Wat is taakcontroletaal?
Taakcontroletaal is een batchverwerkingstaal voor gebruik op IBM-mainframes, maar wordt ook gebruikt als een verzamelnaam voor programma's die zijn geschreven om taakcontrolefuncties uit te voeren. Als mainframetaal is het een zogenaamde scripttaal, waar scripts worden geschreven en opgeslagen voor het uitvoeren van verschillende functies en indien nodig in gebruik worden genomen. Elke procedure wordt als een stap geschreven en elke stap haalt een programma op om die stap uit te voeren. Omdat het mainframe door tientallen gebruikers wordt gebruikt, worden opmerkingen voor uitvoering of facturering afgebakend, worden hulpprogramma's voor het afdrukken of samenvoegen van documenten geïnstrueerd en ten slotte is er een definitie van de taak als geheel. De laatste set instructies vraagt om een prioriteit in een wachtrij voor het gebruik van het mainframe.

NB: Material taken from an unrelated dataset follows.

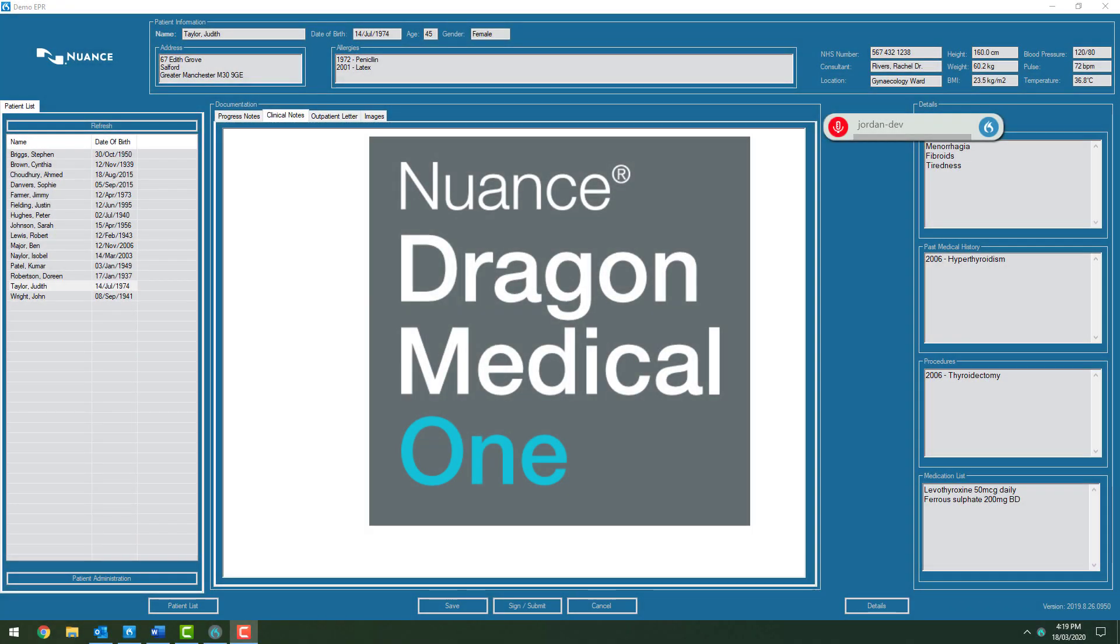The following clip will be me dictating directly into the clinical notes of Judith Taylor in my EMR, using Dragon Medical One.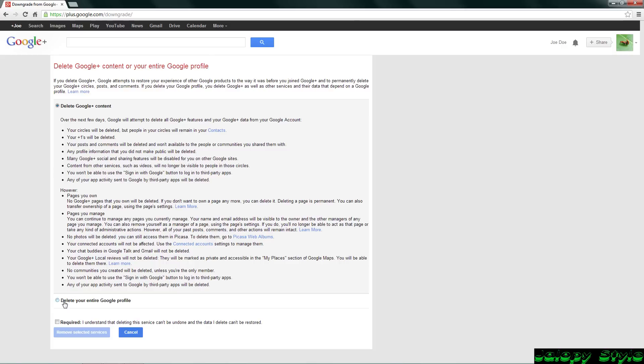But make sure you do not click delete your entire Google profile or you will not have an email service anymore. And then down here it says that you understand that you're deleting the service, so check I understand.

De taal voor taakbeheer maakt gebruik van zogenaamde cataloged procedures, die een reeks uitspraken zijn die in een procedurebibliotheek zijn gecatalogiseerd en worden opgeroepen met behulp van een EXEC-opdracht. Als aanvullende verklaringen nodig zijn, is het mogelijk om deze gecatalogiseerde procedures te wijzigen. Operandwaarden op een bestaande procedureset kunnen worden gewijzigd en het is ook mogelijk om de parameters van de procedure te wijzigen met behulp van vervangende instructies of wijzigingen die zijn aangebracht en ingevoegd in de juiste volgorde van uitvoering.

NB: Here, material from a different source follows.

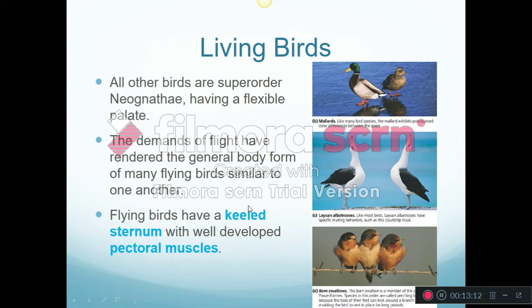All the other birds are going to have a flexible palate, meaning that the roof of their mouth is not firmly attached to their skull — it can move around a little bit. Because most birds have to fly, there's a large degree of similarity across different groups. These flying birds are all going to have that keeled sternum with well-developed pectoral muscles — breast or chest muscles.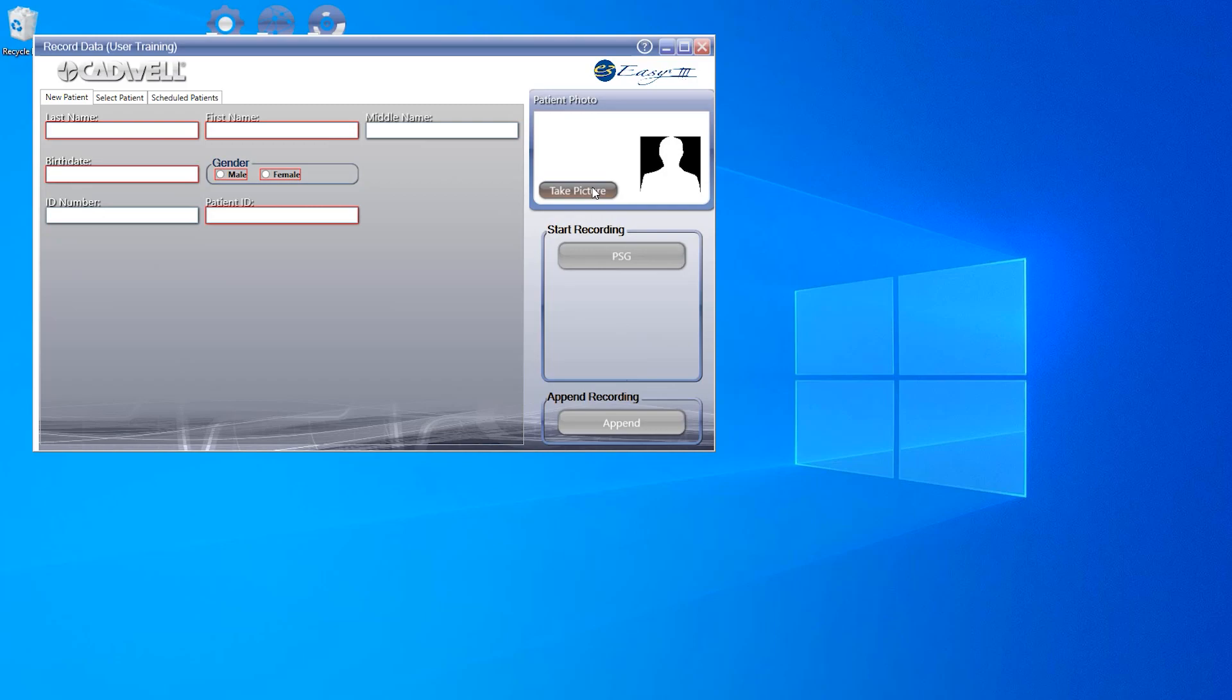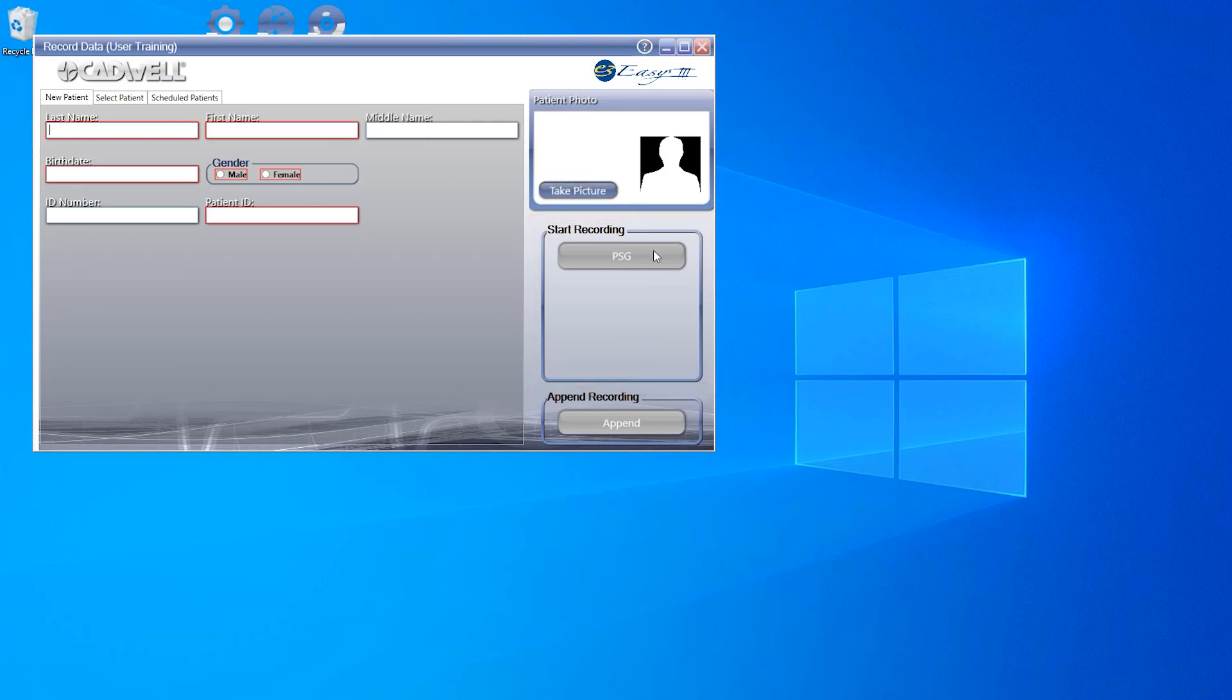Please keep in mind you will need to have a camera integrated into your EZ3 system for this feature to work. You may have buttons that will allow you to select the type of test you will be recording in the Start Recording area. For the purpose of this video, we will be using the PSG button.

Er zijn afzonderlijke opgeslagen instructies voor het uitvoeren van printeruitvoeropdrachten. Voor rapporten die regelmatig worden ingediend, kunnen de parameters van deze rapporten worden benoemd, opgeslagen en vervolgens worden gebruikt voor het afdrukken wanneer een ander rapport van hetzelfde type nodig is. Deze printeruitvoeropdrachten moeten de printer zelfs vertellen welk type papier moet worden gebruikt om af te drukken door het te identificeren met een code in de opdracht SYSOUT voor de printers van het mainframe. Alle afdrukinstructies die normaal worden gevonden door op een knop op de printer van een microcomputer te drukken, moeten worden gespecificeerd voor afdrukuitvoer, zoals volledig of half duplex afdrukken, grijze balkoverlays of geen overlays, tijd en datum stempelen of niet, en het opnemen van een digitale afbeeldingen of logo's.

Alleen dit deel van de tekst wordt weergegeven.